My friend, Tom, is a physician. He told me that he is at a medical convention in New Orleans, aka Nawlins, this week. He is an ophthalmologist. I told him that he will get an eye-full.
I know of which I speak, for I have been to Nawlins.
When I was a senior in college, age 21 (and that is important information), my school’s spring break coincided with Mardi Gras. My friend, Frank, said we could stay with his parents in Baton Rouge. From there, we made a day trip to New Orleans, during Mardi Gras. I got an eye full. So did Frank and Sam, my traveling companions.
In New Orleans, in the French Quarter, there was a place that did not have a front window. It had a curtain instead. Out of the curtain, swinging over the sidewalk, was a girl on a trapeze, or at least the legs of a female. She was probably 21 too. We were all adults, obviously, as this was adult entertainment, or more accurately, an advertisement for adult entertainment inside the premises.
We had lunch there, or a similar place. The establishment provided food, beverages and adult entertainment. The waitresses were multi-taskers. The nice girl with a long blonde ponytail who took our order had clothes on when she brought me my cheeseburger. Then she went on a stage and took most of those clothes off. She traded places with other server/strippers. It was a very efficient use of staff. Very flexible employee plan.
Now here is where I had some weird thoughts for a red-blooded American male college student. I started thinking that these girls (particularly our waitress, who had been humanized beyond a mere sex object by conversation about our order and looked our age), were somebody’s sisters, probably, and somebody’s daughters, definitely.
I have a sister. I thought, as I sat eating my lunch, that I would not want her to work there. I saw it as degrading. At the time, I did not have any daughters, but now I do. I don’t want them to work there either.
Anyway, back to my travelog, I recommend the double cheeseburger with sweet potato fries. I can’t think of the name of the place, but it will come to me.

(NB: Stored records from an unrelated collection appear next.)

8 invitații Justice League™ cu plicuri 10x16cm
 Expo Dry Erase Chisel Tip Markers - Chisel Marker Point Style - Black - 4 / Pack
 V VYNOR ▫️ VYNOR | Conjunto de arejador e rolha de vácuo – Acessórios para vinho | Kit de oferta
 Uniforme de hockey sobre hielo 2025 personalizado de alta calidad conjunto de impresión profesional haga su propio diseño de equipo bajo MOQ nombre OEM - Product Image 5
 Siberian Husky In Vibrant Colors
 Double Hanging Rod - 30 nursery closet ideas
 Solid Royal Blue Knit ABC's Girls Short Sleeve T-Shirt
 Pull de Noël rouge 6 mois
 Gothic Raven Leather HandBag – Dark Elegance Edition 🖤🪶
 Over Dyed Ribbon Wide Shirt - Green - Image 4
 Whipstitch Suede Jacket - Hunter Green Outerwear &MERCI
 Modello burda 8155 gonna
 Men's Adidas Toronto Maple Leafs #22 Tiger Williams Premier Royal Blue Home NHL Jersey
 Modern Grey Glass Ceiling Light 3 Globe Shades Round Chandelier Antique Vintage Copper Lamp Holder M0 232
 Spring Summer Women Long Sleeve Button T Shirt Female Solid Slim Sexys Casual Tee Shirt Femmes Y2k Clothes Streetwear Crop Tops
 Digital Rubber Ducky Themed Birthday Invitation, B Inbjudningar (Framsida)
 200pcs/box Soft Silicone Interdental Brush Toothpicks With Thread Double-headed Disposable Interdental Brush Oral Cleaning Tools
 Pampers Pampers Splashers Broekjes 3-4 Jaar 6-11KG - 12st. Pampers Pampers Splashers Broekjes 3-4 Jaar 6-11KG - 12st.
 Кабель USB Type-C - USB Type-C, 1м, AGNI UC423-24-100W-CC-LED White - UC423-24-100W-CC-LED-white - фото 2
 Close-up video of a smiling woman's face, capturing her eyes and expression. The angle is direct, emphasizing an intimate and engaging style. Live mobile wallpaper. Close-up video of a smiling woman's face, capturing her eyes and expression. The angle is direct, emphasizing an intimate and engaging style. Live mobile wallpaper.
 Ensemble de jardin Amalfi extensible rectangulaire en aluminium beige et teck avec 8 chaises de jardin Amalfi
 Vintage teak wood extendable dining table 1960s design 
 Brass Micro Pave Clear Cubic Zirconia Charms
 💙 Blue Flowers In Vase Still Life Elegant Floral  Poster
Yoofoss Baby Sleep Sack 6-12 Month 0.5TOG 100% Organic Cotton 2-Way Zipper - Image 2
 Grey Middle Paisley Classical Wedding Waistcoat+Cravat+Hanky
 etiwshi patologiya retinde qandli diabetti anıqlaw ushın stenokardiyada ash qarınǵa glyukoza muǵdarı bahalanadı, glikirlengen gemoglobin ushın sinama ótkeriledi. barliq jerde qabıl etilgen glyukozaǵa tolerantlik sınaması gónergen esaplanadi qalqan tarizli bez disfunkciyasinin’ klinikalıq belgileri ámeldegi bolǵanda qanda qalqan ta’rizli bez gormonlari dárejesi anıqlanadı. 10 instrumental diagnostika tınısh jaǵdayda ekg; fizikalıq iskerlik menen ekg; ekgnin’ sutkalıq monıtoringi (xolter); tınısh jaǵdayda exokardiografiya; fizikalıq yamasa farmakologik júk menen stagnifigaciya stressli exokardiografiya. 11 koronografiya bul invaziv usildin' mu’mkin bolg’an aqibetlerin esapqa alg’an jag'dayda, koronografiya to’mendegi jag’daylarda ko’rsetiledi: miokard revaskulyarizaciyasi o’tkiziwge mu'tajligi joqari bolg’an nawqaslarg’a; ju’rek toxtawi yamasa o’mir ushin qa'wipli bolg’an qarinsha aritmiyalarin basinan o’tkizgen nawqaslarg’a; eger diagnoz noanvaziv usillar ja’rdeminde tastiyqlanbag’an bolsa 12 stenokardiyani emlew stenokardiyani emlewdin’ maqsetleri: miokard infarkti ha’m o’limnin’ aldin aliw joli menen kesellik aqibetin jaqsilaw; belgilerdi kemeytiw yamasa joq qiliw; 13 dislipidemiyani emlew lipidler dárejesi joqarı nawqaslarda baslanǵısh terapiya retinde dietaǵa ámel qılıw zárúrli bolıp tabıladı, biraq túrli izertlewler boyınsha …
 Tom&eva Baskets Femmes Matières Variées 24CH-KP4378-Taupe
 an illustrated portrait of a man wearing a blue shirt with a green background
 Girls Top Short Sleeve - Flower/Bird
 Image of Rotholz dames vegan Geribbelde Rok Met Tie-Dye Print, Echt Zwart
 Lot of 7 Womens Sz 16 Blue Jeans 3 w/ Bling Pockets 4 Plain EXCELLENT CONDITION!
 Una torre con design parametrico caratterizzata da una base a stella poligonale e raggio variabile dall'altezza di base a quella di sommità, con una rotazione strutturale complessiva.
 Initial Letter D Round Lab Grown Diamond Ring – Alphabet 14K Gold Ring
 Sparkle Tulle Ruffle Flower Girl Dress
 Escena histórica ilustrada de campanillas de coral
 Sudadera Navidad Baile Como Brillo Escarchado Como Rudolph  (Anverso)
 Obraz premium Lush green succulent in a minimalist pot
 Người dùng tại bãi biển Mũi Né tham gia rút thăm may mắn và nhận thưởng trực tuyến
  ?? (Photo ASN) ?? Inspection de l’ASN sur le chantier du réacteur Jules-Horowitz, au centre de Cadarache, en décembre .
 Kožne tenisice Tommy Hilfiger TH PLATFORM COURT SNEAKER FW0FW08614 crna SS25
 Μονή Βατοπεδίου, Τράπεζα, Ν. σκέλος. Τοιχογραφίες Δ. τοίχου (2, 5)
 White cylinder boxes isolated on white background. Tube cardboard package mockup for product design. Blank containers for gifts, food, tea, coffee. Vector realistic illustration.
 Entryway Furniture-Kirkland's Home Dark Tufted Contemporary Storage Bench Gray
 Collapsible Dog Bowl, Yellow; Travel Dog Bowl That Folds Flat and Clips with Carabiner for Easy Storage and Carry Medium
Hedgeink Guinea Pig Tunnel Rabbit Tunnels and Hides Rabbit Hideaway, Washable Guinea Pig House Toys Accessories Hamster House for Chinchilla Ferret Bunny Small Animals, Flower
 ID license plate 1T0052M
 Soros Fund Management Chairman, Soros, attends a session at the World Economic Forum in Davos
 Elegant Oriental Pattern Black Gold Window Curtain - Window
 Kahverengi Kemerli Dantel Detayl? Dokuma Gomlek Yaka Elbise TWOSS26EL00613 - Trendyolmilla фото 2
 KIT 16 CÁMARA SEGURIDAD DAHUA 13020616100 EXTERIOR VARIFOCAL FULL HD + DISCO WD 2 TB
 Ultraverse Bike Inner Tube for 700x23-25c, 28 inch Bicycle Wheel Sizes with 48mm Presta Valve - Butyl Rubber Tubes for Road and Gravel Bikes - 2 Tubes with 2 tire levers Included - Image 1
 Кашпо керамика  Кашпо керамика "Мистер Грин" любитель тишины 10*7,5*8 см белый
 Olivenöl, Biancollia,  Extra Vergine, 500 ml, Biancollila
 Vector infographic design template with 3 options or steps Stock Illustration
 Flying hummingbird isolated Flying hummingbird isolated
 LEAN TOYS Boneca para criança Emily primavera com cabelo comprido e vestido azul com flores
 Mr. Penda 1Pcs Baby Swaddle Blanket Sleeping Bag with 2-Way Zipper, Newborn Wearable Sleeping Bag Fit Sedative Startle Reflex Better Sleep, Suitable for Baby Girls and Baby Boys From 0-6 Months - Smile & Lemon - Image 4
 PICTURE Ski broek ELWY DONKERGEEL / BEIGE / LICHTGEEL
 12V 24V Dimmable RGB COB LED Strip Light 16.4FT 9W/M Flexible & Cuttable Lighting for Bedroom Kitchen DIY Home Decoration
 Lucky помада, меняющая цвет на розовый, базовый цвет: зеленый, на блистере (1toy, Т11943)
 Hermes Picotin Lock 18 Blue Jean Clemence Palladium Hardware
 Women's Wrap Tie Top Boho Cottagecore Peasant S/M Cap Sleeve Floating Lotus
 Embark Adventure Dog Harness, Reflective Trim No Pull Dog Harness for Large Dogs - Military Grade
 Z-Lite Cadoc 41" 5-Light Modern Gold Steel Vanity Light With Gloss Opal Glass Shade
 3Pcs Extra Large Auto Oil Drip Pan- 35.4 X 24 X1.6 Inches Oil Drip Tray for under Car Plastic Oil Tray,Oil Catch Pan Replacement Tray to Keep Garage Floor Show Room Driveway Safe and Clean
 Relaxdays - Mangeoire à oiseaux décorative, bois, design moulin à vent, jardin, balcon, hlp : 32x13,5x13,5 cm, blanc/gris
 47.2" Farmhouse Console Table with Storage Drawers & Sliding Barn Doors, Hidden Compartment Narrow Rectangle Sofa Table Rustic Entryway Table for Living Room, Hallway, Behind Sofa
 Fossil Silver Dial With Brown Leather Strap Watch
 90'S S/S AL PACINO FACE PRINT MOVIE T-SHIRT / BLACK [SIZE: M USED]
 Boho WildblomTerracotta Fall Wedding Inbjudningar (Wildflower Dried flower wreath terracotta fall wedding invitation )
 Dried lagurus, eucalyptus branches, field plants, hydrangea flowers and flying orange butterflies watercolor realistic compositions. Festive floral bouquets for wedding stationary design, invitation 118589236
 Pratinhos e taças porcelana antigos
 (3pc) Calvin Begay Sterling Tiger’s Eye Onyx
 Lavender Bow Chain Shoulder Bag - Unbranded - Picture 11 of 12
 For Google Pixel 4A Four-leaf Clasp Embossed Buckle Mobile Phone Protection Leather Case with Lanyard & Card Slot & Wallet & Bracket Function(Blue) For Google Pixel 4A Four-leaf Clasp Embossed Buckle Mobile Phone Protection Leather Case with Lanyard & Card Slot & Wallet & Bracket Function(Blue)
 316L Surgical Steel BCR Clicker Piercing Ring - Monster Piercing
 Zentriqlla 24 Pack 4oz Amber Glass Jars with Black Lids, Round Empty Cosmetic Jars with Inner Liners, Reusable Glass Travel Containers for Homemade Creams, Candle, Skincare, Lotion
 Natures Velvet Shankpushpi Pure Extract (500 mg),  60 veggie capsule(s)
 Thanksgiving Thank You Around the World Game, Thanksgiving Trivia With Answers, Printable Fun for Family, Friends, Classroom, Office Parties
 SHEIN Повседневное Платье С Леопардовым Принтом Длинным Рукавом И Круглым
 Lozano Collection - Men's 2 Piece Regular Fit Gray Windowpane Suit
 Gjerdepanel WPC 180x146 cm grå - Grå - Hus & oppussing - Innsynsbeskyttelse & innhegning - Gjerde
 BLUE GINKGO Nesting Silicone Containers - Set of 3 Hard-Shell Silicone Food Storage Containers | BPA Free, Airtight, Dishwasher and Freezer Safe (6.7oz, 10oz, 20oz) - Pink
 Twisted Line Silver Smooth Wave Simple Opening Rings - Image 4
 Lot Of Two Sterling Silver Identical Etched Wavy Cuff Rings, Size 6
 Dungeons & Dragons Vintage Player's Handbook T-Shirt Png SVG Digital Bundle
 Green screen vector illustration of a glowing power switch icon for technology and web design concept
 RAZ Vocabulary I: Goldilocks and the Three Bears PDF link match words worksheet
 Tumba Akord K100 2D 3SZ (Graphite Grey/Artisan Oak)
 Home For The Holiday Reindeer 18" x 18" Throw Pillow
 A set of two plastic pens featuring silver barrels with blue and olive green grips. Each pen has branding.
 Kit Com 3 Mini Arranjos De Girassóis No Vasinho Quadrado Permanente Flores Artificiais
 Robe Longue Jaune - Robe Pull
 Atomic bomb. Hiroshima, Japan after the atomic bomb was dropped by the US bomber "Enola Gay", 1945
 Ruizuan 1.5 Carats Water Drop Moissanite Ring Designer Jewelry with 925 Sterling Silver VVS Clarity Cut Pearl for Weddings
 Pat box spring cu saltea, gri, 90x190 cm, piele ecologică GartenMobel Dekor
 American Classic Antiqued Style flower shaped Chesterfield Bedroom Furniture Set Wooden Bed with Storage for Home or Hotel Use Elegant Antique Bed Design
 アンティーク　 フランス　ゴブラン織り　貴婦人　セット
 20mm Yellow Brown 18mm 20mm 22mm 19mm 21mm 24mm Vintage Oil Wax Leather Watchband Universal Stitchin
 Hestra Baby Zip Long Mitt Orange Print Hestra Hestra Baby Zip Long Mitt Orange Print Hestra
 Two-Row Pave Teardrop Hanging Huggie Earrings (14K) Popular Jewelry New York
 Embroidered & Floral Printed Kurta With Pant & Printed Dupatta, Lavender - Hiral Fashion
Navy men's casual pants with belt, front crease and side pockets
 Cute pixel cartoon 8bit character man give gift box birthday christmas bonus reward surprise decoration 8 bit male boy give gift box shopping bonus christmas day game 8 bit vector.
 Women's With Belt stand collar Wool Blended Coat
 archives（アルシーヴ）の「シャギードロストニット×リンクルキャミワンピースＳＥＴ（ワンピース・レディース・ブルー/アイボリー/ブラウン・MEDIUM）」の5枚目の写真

If you go there, please say hello to the waitress with the ponytail. (It might be gray now). She will surely remember me because we had such a nice conversation about spring break and the Mardi Gras and various things. If her memory is foggy after a few decades, for we were there when Archie Manning was quarterback of the Saints, remind her that I was the guy who had the double cheeseburger. I vaguely recall wearing a blue sweatshirt. Tell her that. I probably made a big impression.
It was an unforgettable experience for both of us. Or at least one of us.